Being sustainable for the future 

The role of transport in our towns and cities is changing . There is a greater focus on creating sustainable places where people can walk, cycle and use public transport for their everyday journeys. This, in turn, creates cleaner, healthier and more economically resilient cities through reduced congestion and better quality of life.

Over the last 50 years, ‘predict and provide’ methods have been predominantly used to forecast highway capacity requirements associated with new developments. This has resulted in more roads being created, often at the detriment to pedestrians, cyclists and public transport users. This, in turn, has fuelled the demand for more travel by car, and worsened congestion.

There is now a consensus that this has to change – with a new focus on planning places for people and not cars. This new approach is becoming known as ‘vision and validate’. It places greater emphasis on towns and cities defining what they want their future to look like and then developing a long-term transport plan to deliver that vision.

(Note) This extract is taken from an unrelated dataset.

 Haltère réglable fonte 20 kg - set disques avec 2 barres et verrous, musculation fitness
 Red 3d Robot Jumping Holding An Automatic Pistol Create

ITP (Integrated Transport Planning) is an award-winning sustainable transport consultancy. They have been at the forefront of industry thinking with regard to this new way of doing things. They have identified that a barrier to widescale adoption of this new ‘vision and validate’ approach to transport planning is the lack of any tools that help to assess and visualise what that future might look like on any particular street. This is essential if we are to get people to ‘buy-in’ to a new vision for their area – a vision that in some cases may radically change the streetscape, with much more space allocated for people.

black and blue logo

Working with ITP

We have partnered with ITP via the Catalysing Growth Through Research For Transport Equipment Manufacturing project. The research was part-funded by the European Regional Development Fund. The project set out to explore how VR tools could be used to help transform 2D technical drawings into meaningful visions of the future that local people could fully understand through a more immersive experience.

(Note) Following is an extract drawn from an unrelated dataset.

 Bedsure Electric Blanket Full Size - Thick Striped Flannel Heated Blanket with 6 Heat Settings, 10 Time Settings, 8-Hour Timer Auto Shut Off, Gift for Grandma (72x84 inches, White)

We have particular expertise in engineering simulations and VR technologies. We were able to provide funded technical support and work with ITP to take a conventional CAD (computer-aided design) drawing of a proposed highway-improvement scheme and bring it to life in a virtual world. This VR environment enabled stakeholders to immerse themselves in the proposed scheme. They were able to gain a full appreciation of the proposals and make a more informed decision about whether to support them.

The VR demonstrator was then tested with a collection of ITP clients and collaborators to seek their view on whether it affected their perceptions of the proposed scheme. Qualitative feedback confirmed the power of VR in helping to influence people’s decision making. The immersive experience provided a more meaningful understanding of the proposals compared with conventional technical drawings.

The pilot

The pilot was a great success, with the key outcomes being:

The joint research team are now seeking future opportunities to collaborate on VR applications. This includes developing new techniques to improve the way we model the behavioural response to walking, cycling and other public transport improvement schemes.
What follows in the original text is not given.